Using a huge amount of global data on births, deaths and what drives fertility, the researchers tried to forecast the future for the world’s population.
By 2050, the population of three quarters of all countries will be shrinking, according to the study by the US-based Institute For Health Metrics and Evaluation (IHME).
At the end of the century, that will be true for 97 percent – or 198 out of 204 countries and territories, the researchers projected.
Only Samoa, Somalia, Tonga, Niger, Chad and Tajikistan are expected to have fertility rates exceeding the replacement level of 2.1 births per female in 2100, the study estimated.

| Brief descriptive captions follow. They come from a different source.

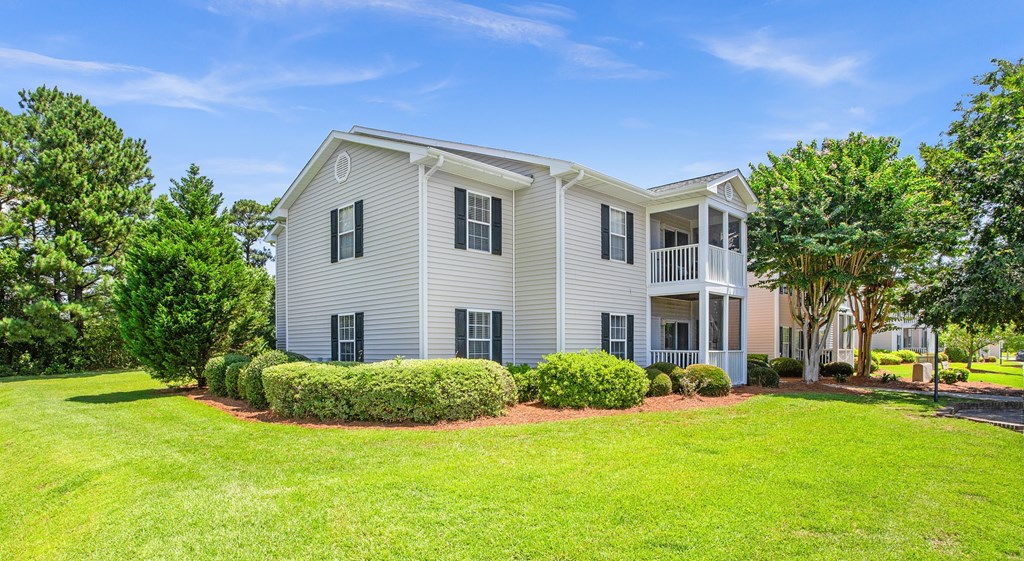 A house with a grey exterior and a red brick walkway in front.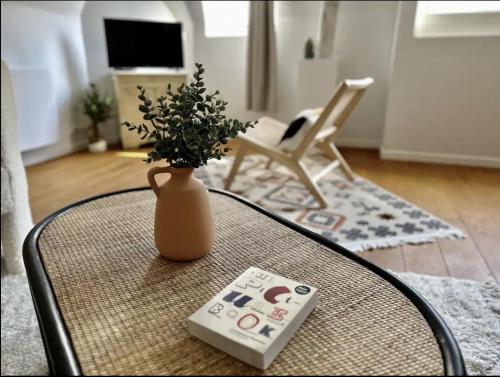 un vase assis sur une table avec télécommande dans l'établissement Eucalyptus - Reims, à Reims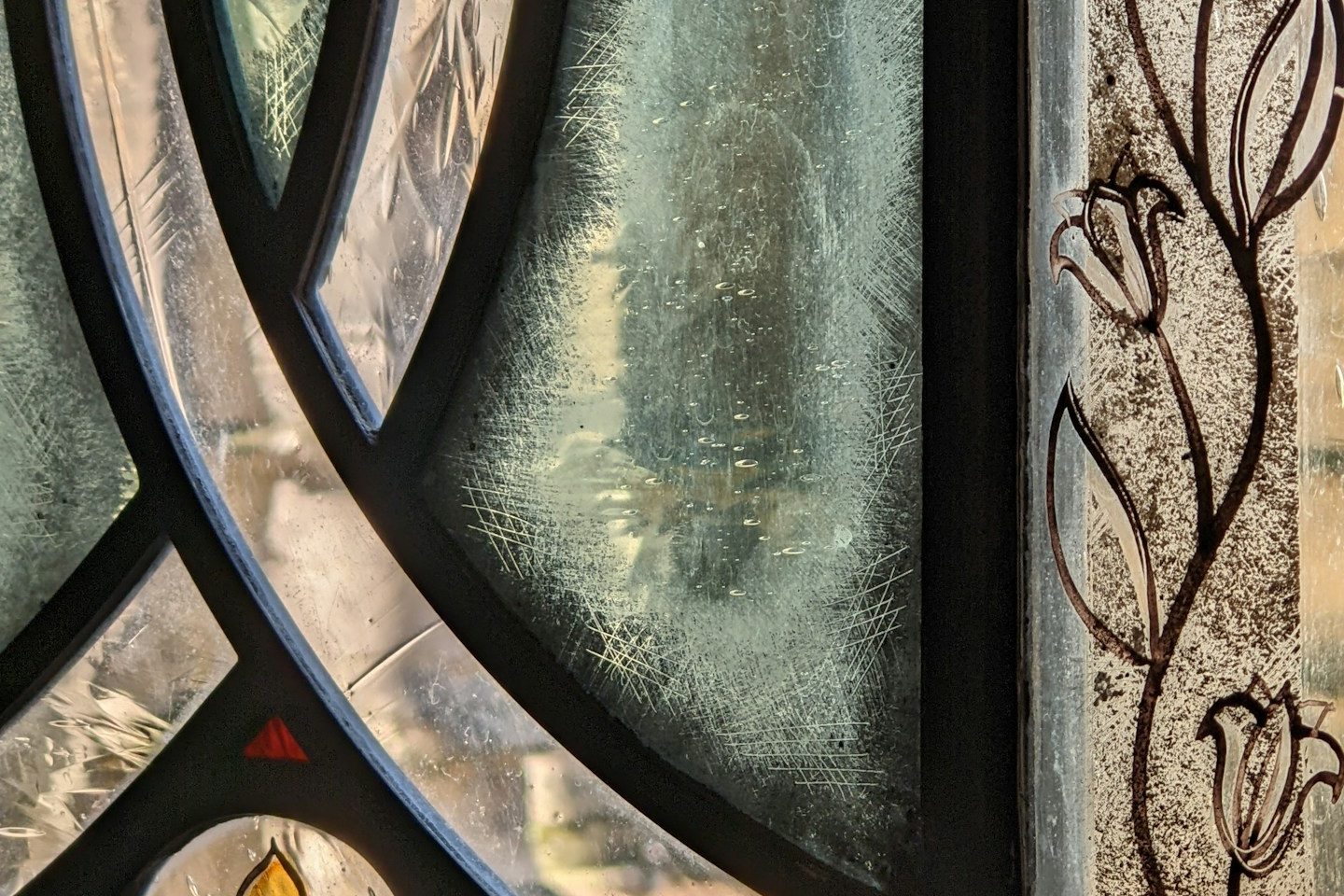 Buntes Glasfenster mit floralen Mustern.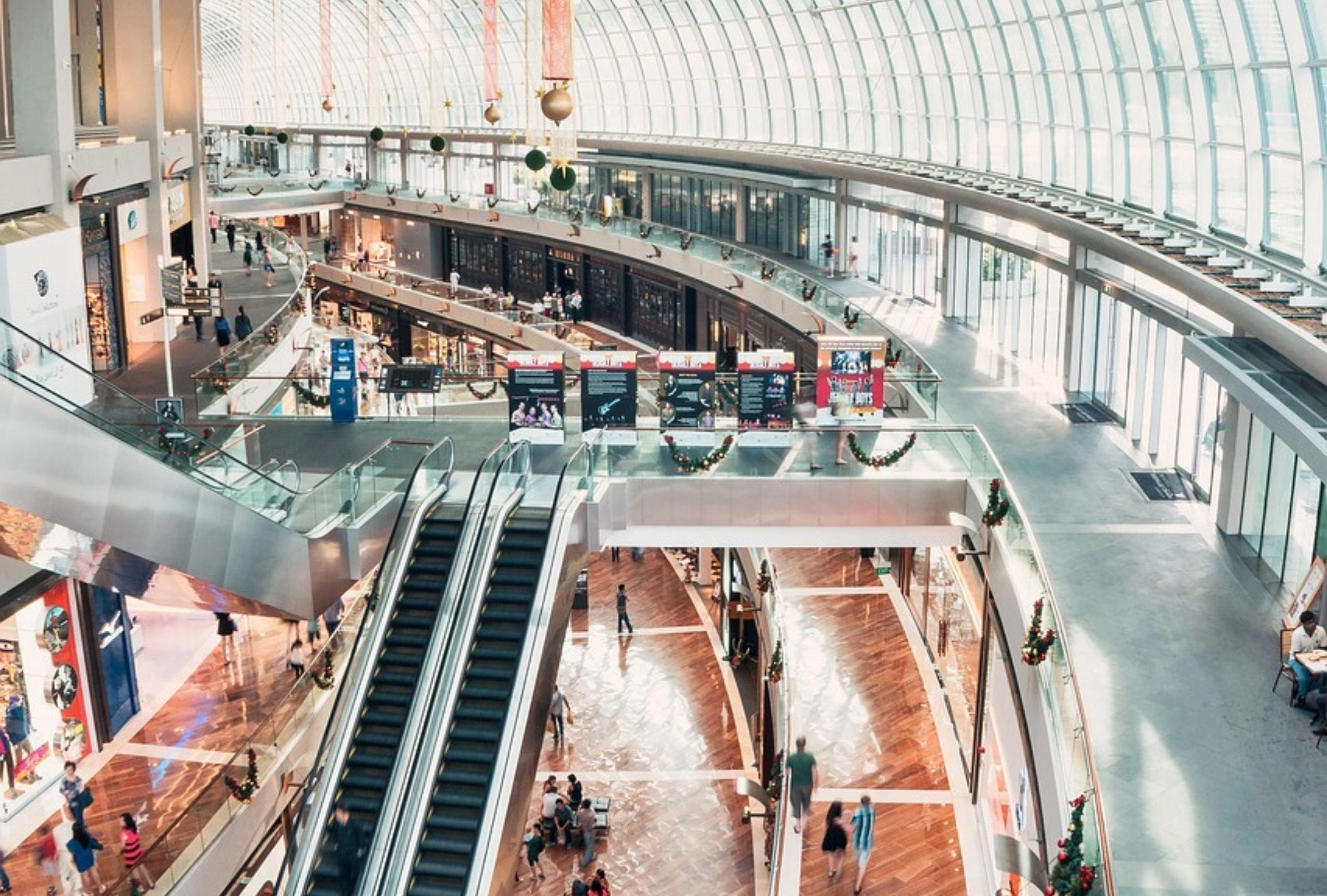 Innenansicht eines modernen Einkaufszentrums mit Rolltreppen, Glasdach und mehreren Besuchern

During this century, fertility rates will continue to increase in developing countries, particularly those in sub-Saharan Africa, even as they tumble in wealthier, ageing nations.
“The world will be simultaneously tackling a ‘baby boom’ in some countries and a ‘baby bust’ in others,” senior study author Stein Emil Vollset of the IHME said in a statement.
‘Implications are immense’
“We are facing staggering social change through the 21st century,” he said in a statement.
IHME researcher Natalia Bhattacharjee said the “implications are immense.”
“These future trends in fertility rates and live births will completely reconfigure the global economy and the international balance of power and will necessitate reorganizing societies,” she said.
“Once nearly every country’s population is shrinking, reliance on open immigration will become necessary to sustain economic growth.”
However, World Health Organization experts urged caution for the projections.
They pointed out several limitations of the models, particularly a lack of data from many developing nations.
Communication about the figures “should not be sensationalized, but nuanced, balancing between gloom and optimism,” the WHO experts wrote in The Lancet.
They also pointed out that there can be benefits of having a smaller population, such as for the environment and food security. But there are disadvantages for labor supply, social security and “nationalistic geopolitics.”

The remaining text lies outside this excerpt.